Mark Goddard (born Charles Harvey Goddard; July 24, 1936) is an American actor who has starred in a number of television programs. He is probably best known for portraying Major Don West in the CBS series Lost in Space (1965–1968). He also played Detective Sgt. Chris Ballard, in The Detectives, starring Robert Taylor.

Early life
Charles Harvey Goddard was born in Lowell, Massachusetts, the youngest of five children, and grew up in Scituate. He was raised Catholic.

He led both his high school baseball and basketball teams to the state championship finals. Goddard dreamed of becoming a basketball player, but eventually turned to acting. He originally attended Holy Cross College after high school, but he then transferred and studied at the American Academy of Dramatic Arts in New York City.
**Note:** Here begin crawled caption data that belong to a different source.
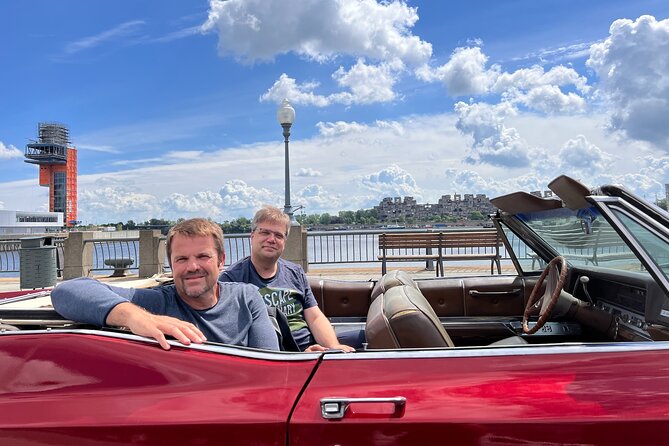 PRIVATE 2-Hour tour of Montréal in Convertible Cadillac + Murals - Schwartz’s and the smoked meat stop
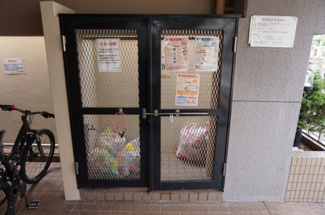 【その他共用部分】 | ステイツ大橋のゴミ置き場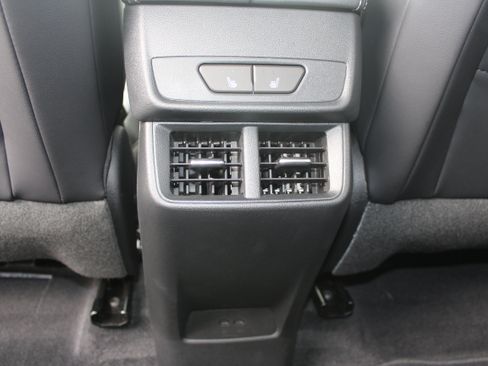 New 2025 GMC Terrain Elevation w/ Elevation Premium Package image 38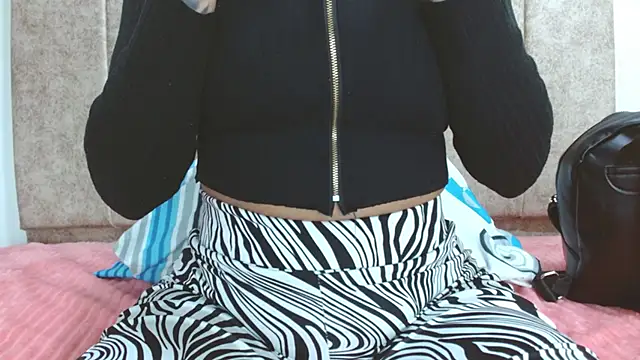 Dirty Innocent online show from 02-08-25, 01:22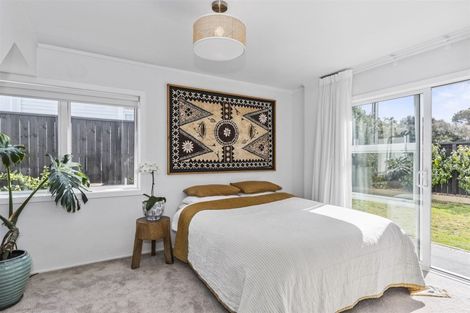 Photo of property in 24 Maranui Street, Mount Maunganui, 3116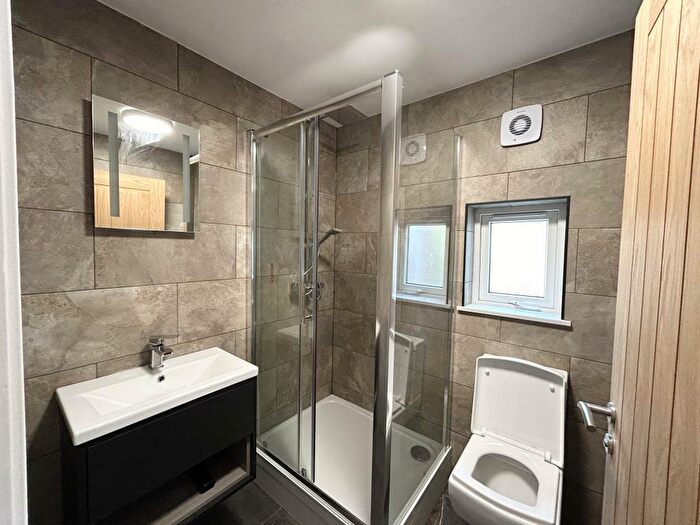 4 Bedroom Semi-Detached House To Rent In Denmark Road, Oxford, OX4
After two years, he moved to Los Angeles.

Career
In 1959, after just three weeks in Hollywood, he landed a role in the CBS Four Star Television series Johnny Ringo, having played the character of Cully, the deputy to Don Durant's character of Ringo. At this time, he changed his name to Mark Goddard at the suggestion of his friend and mentor Chuck Connors of The Rifleman. Goddard appeared as Norman Tabor in the 1960 episode "Surprise Party" of the CBS anthology series The DuPont Show with June Allyson. He was cast as Sheldon Hollingsworth in the 1960 episode "To See the Elephant" of the ABC Western series The Rebel, starring Nick Adams. He played Tod Rowland in the 1960 episode "The Mormons" on Dick Powell's Zane Grey Theatre.

The Detectives, another production of Four Star Television, was a hit series which ran on ABC and NBC from 1958 to 1961;
Goddard was signed for a role lasting three years (64 episodes). In 1963, Goddard appeared as Roy Mooney on the Perry Mason episode "The Case of the Potted Planter". In 1964 Goddard appeared as Richard on The Virginian in the episode titled "The Secret of Brynmar Hall."  That same year he guest starred as a wild killer named “Boyd” in the episode “Journey For Three” on the TV Western series Gunsmoke (S9E36).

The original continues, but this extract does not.